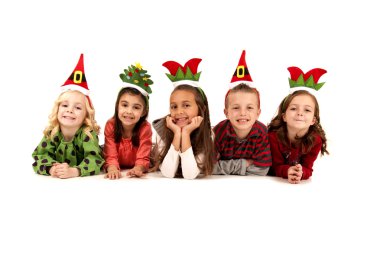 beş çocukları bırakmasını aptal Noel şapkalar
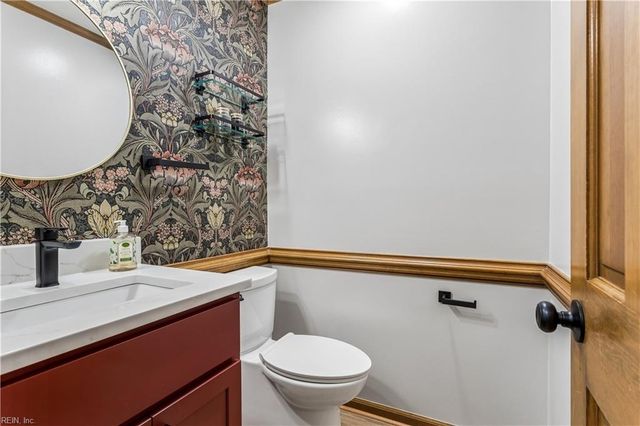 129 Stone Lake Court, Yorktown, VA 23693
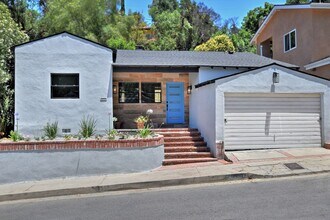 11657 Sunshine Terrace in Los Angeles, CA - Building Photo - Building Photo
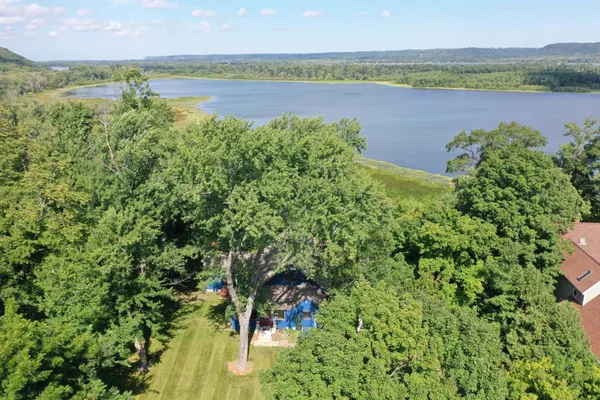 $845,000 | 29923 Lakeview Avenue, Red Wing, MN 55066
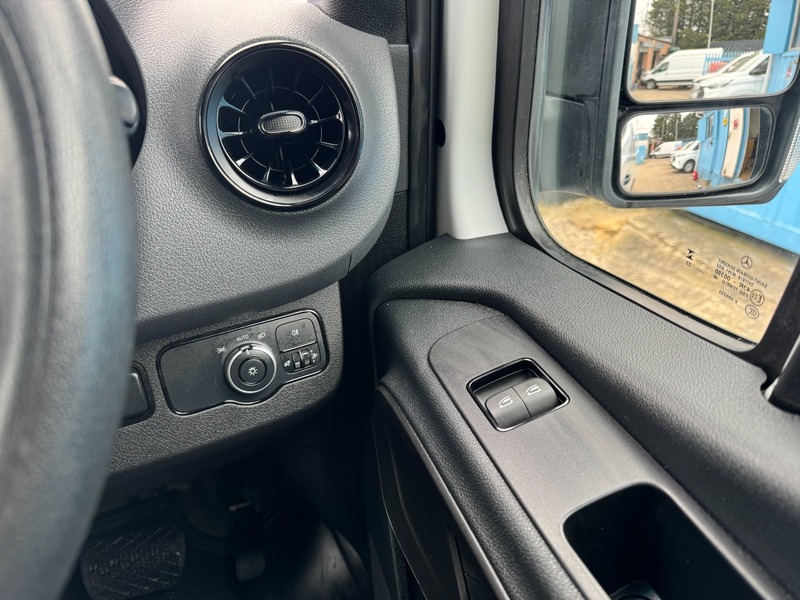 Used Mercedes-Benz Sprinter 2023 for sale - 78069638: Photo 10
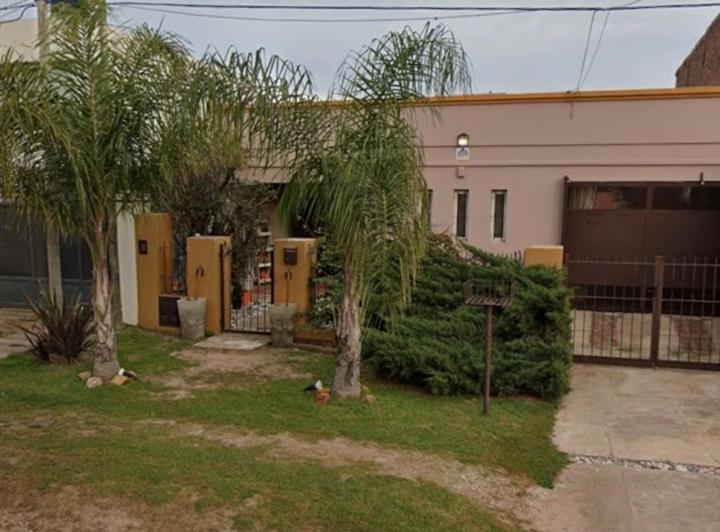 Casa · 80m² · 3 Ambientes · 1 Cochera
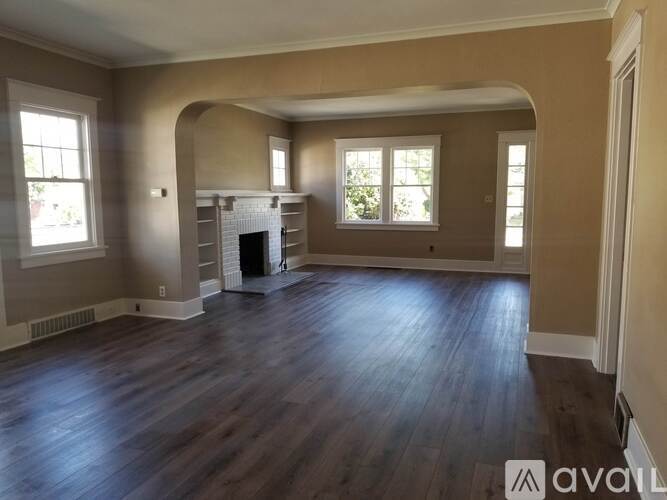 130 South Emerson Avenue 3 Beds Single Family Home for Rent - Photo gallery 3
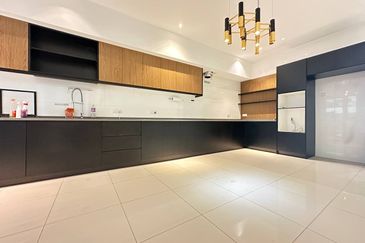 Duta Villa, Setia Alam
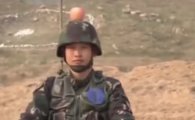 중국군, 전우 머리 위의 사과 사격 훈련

WHAT YOU ARE ASKED TO DO
Without the pictures, retype exactly the lines from the one that holds "130 South Emerson" to the last line of the data above, both of them included.

ANSWER SECTION
 130 South Emerson Avenue 3 Beds Single Family Home for Rent - Photo gallery 3
 Duta Villa, Setia Alam
 중국군, 전우 머리 위의 사과 사격 훈련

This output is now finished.